§ Data extract
· · · ·

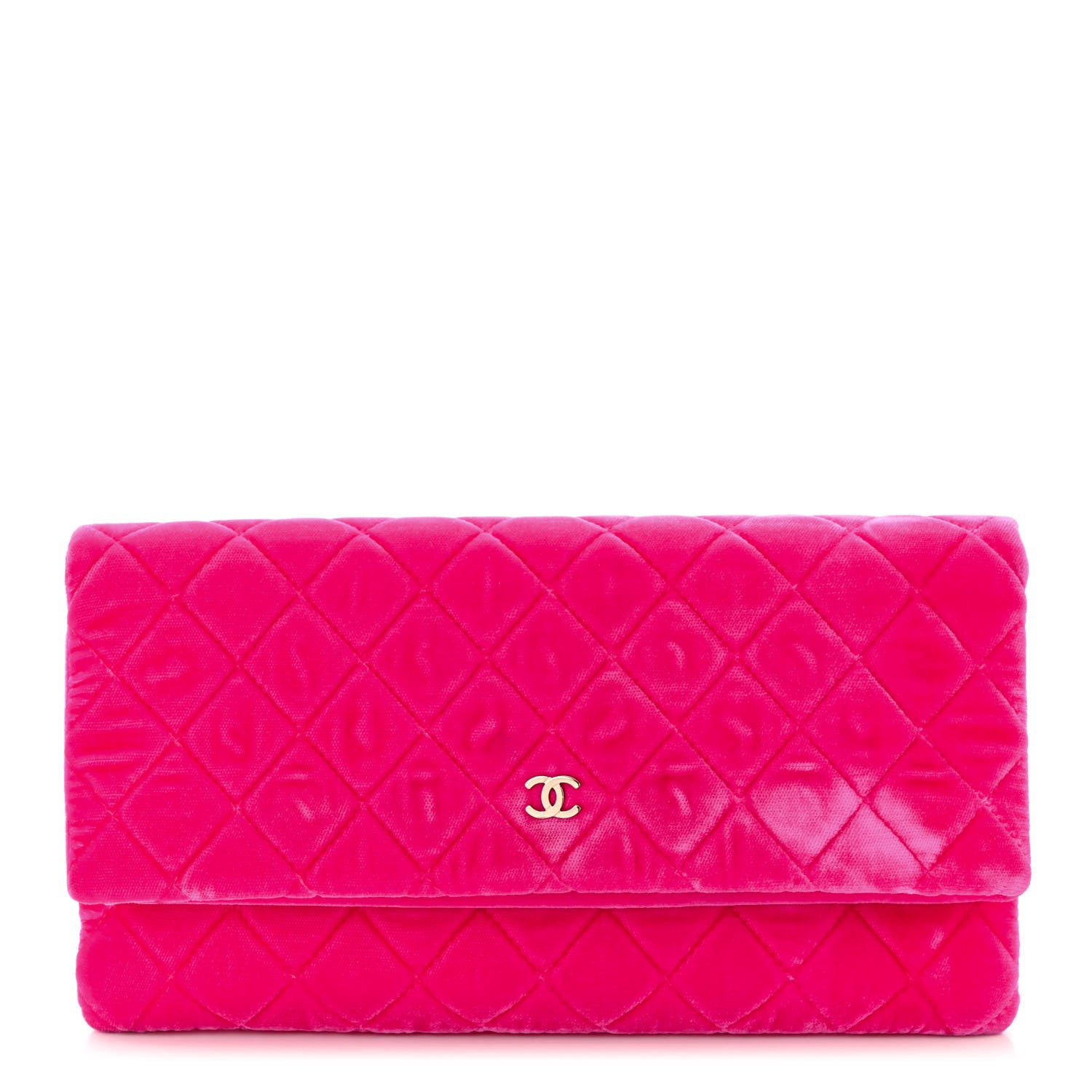 Chanel Velvet Quilted CC Beauty Clutch Pink 1 of 14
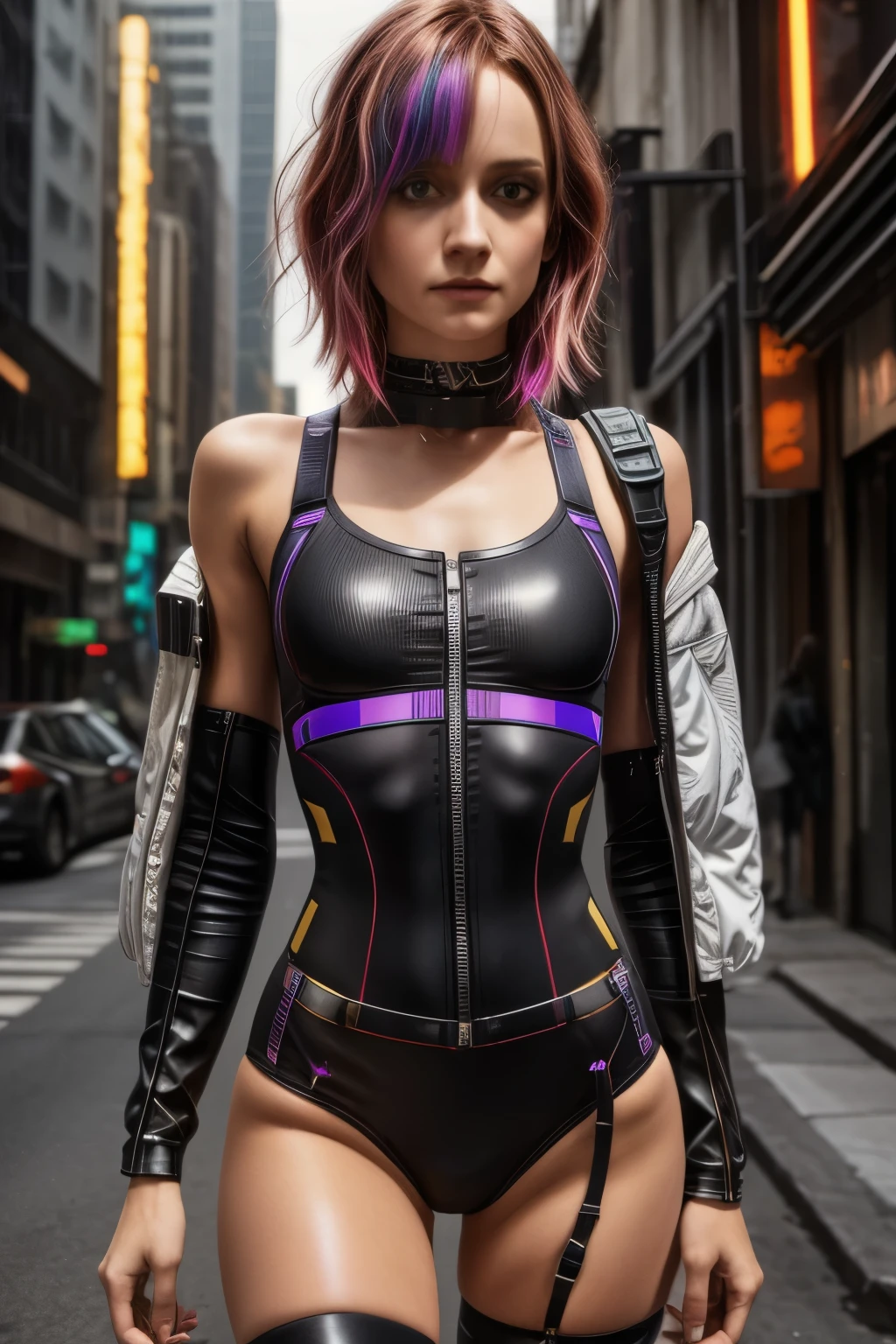 (extremely detailed CG unity 8k wallpaper), (ultra-detailed), masterpiece, best quality, boy, (cyberpunk), bodysuit, solo, breasts, cyberpunk city, multicolored hair, short hair, looking at viewer, medium breasts, black bodysuit, grey eyes, hip vent, clothing cutout, thigh gap, covered navel, white jacket, bare shoulders, short shorts, couch,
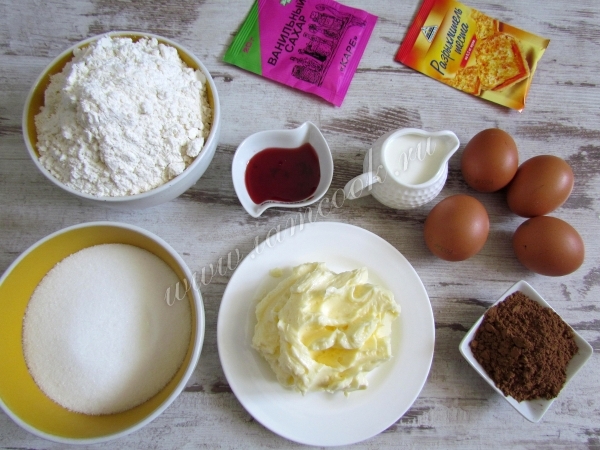 Ингредиенты для леопардового кекса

· · · ·

§ Exercise description
The answer is the whole listing above, written out verbatim, without its pictures.

§ Solution
 Chanel Velvet Quilted CC Beauty Clutch Pink 1 of 14
 (extremely detailed CG unity 8k wallpaper), (ultra-detailed), masterpiece, best quality, boy, (cyberpunk), bodysuit, solo, breasts, cyberpunk city, multicolored hair, short hair, looking at viewer, medium breasts, black bodysuit, grey eyes, hip vent, clothing cutout, thigh gap, covered navel, white jacket, bare shoulders, short shorts, couch,
 Ингредиенты для леопардового кекса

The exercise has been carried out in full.